Press Release from People's Trust for Endangered Species (PTES) and British Hedgehog Preservation Society (BHPS)
Neighbourhood watch scheme launched as wildlife charities challenge a prickly problem: the decline of UK hedgehogs
Hedgehogs are instantly recognisable and much loved creatures. All the more distressing then that a new report (The State of Britain's Hedgehogs) provides definitive evidence that their numbers have declined by at least a quarter in the last 10 years - confirming their status as a conservation priority species. This alarming figure has compelled wildlife charities: the People's Trust for Endangered Species and the British Hedgehog Preservation Society to join forces to launch Hedgehog Street. This initiative aims to empower whole communities, encouraged by volunteer Hedgehog Champions, to take small steps to improve their neighbourhood for hedgehogs in a bid to create a giant patchwork of hedgehog-friendly areas across the British Isles.
As PTES Conservation Officer and campaign organiser Laura Bower explains: "Twentythree million households have access to a garden in the UK covering around 433,000 hectares. Reaching a modest 0.1% of these could lead to the creation of a hedgehog refuge larger than the Sherwood Forest National Nature Reserve. We are looking for enthusiastic volunteers to become hedgehog champions in their local area. We will help them encourage their neighbours to take action for hedgehogs in their gardens or communal green spaces." Last autumn PTES and BHPS enlisted the help of 15 volunteers as local champions to trial Hedgehog Street around the country. Since then, these first recruits have been encouraging their friends and neighbours to undertake simple conservation tasks such as creating hedgehog houses, as well as keeping diaries, taking pictures and hosting events to see how best to spread the word and build community involvement. Having fine-tuned the logistics involved, the campaign is now set to be rolled out nationwide, but it needs plenty of people power if it is to truly make a difference. Why are hedgehog numbers plummeting in the UK?

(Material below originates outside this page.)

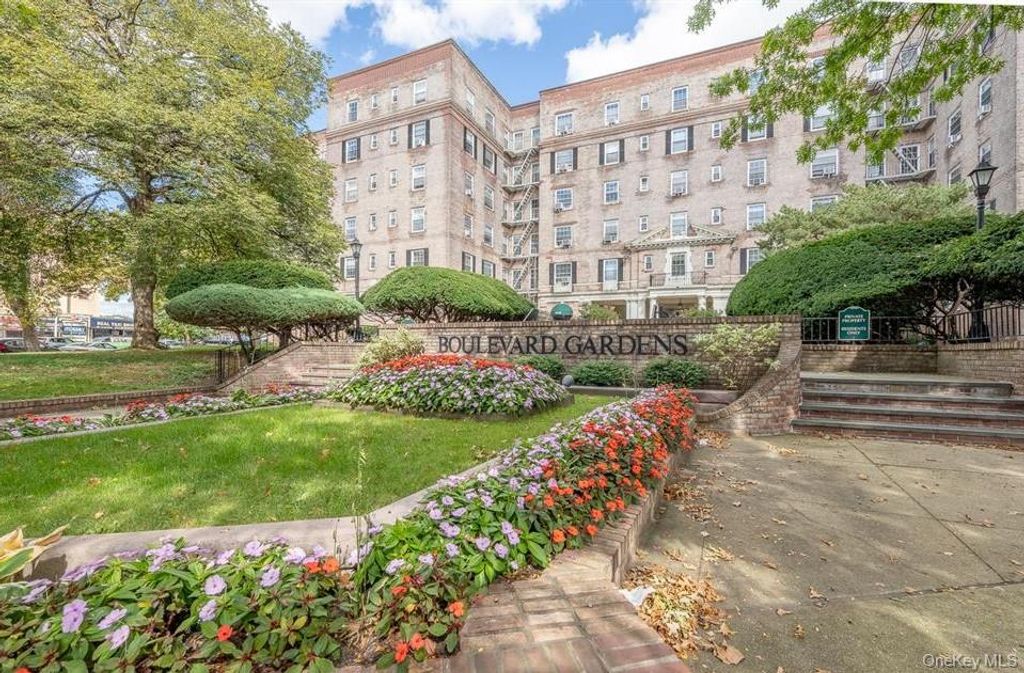 3069 HOBART Street B3K, Woodside, NY 11377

The reasons for the decline in UK hedgehog numbers are complex, but are thought to be associated with the loss of hedgerows and permanent grasslands; the intensification of agriculture and larger field sizes; while the use of pesticide reduces the amount of prey available in the countryside. Also badgers are a natural predator of hedgehogs and they will actively avoid sites where badgers are present in large numbers, an increasing problem because there are fewer areas for hedgehogs to take refuge in. Urban and suburban areas are becoming increasingly important for hedgehogs, but the move towards tidy, sterile gardens has also contributed to their demise.

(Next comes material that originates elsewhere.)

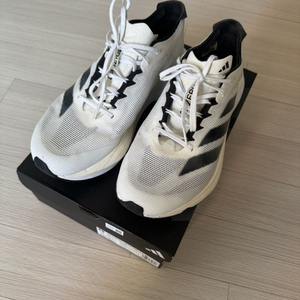 아디다스 보스턴12 런닝화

As Fay Vass, CEO of BHPS elaborates: "Gardens have become far too tidy in recent years, paved over for parking, or enclosed within impenetrable fences and walls. Hedgehogs typically travel about a mile each night in order to gather food and search for a mate, so they need the freedom to move between different areas. Artificial barriers such as solid fences and walls prevent movement around their home range. Furthermore, loss of natural habitat means there is nowhere for them to forage or hibernate. Relatively simple actions will ensure success for the survival of these increasingly threatened creatures." In the early part of the last century, hedgehogs were abundant throughout Britain, with an estimated population as high as perhaps 30 million in the 1950s. By 1995 it was estimated to be about 1.5 million (1.1 million in England, 0.31 million in Scotland and 0.145 million in Wales). The new report shows that recent surveys in urban and rural areas still indicate falling numbers of hedgehogs."Hedgehogs are also important because their presence indicates a healthy landscape with lots of ground-dwelling invertebrates and varied land habitat features, such as hedges and copses", continues Laura Bower. "So the good news is that whatever we do to encourage hedgehogs will also benefit other wildlife species."
How can people help?
The short answer is by taking part in Hedgehog Street and generating a groundswell of support amongst the neighbours in your street, estate or communal grounds. Information packs about how to take part are available from the website and these are crammed with ideas on making your own garden and neighbourhood more hedgehog-friendly.
The wider campaign is also underpinned by a programme of practical research projects, funded by PTES and BHPS over the next three years, to further scientific understanding about the causes for the decline in hedgehog numbers and most importantly what can be done to reverse this threat to this iconic species.
Additional support for Hedgehog Street has been provided by the BBC Wildlife Fund.